O astrolábio em questão, analisado por Gigante, é conhecido como "astrolábio de Verona", devido à cidade italiana onde está localizado, sob os cuidados da Fundação Museu Miniscalchi Erizzo. A pesquisadora teve acesso ao instrumento por meio dessa instituição, após ver uma foto do objeto em seu site.
Inicialmente, o museu não tinha conhecimento da importância do astrolábio, conforme relata a pesquisadora. No entanto, após a análise de Gigante, o item foi reconhecido como um dos mais significativos de sua coleção. A pesquisadora, que se especializa em astrolábios islâmicos e já atuou como curadora de instrumentos científicos islâmicos, examinou vários aspectos do astrolábio de Verona, incluindo seu design, construção e caligrafia.
A datação do astrolábio, conforme informou o portal Galileu, foi realizada com base no mapa celestial que ele apresenta. A posição das estrelas, que varia constantemente devido ao movimento da Terra, corresponde ao final do século XI e é consistente com outros astrolábios da época, datados, por exemplo, de 1068 d.C.
Gigante sugere que o instrumento possa ter origem em Al-Andalus, na Espanha muçulmana, conforme indicado pelas inscrições em árabe que mencionam as latitudes de Córdoba e Toledo.
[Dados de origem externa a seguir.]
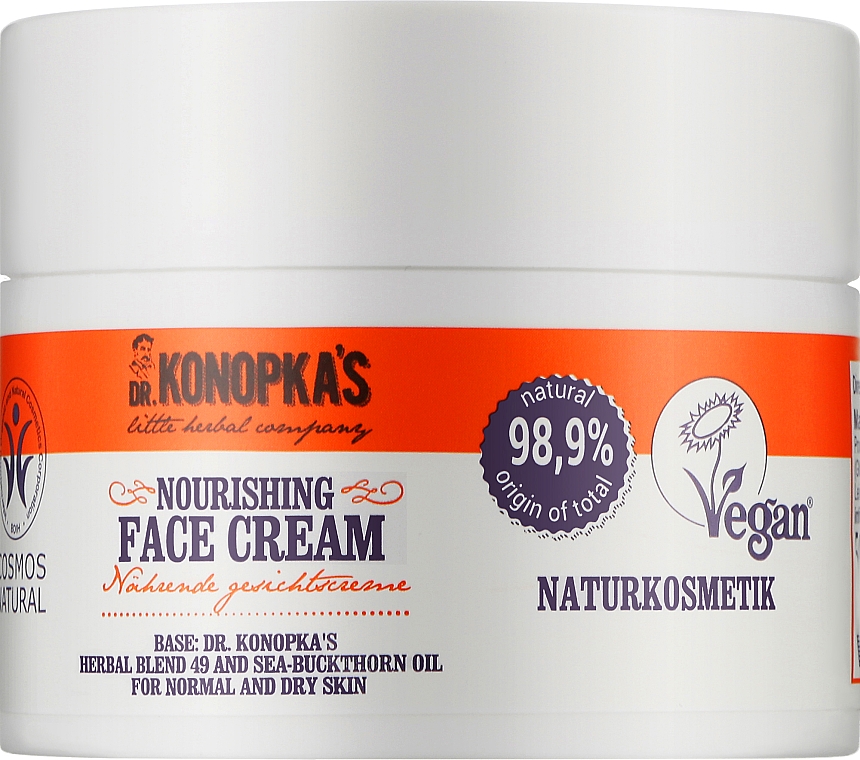 Pflegende Gesichtscreme - Dr. Konopka's Nourishing Face Cream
Ela identificou também uma série de escritos adicionais no astrolábio, revelando modificações, adições e adaptações feitas ao longo do tempo.
Essas adições incluem nomes e passagens de orações islâmicas, nomes judaicos escritos em alfabeto árabe, latitudes referentes ao norte da África, traduções de signos astrológicos do árabe para o hebraico, entre outros.
As adições e traduções hebraicas sugerem que, em um certo ponto, o objeto deixou a Espanha ou o norte da África e circulou entre a comunidade de judeus da diáspora na Itália, onde árabe não era entendido e, em vez disso, o hebraico era empregado”, explica Gigante.
“Esse não é apenas um objeto incrivelmente raro”, diz a pesquisadora, de acordo com a fonte. “É um registro poderoso de trocas científicas entre árabes, judeus e cristãos por centenas de anos”, destaca.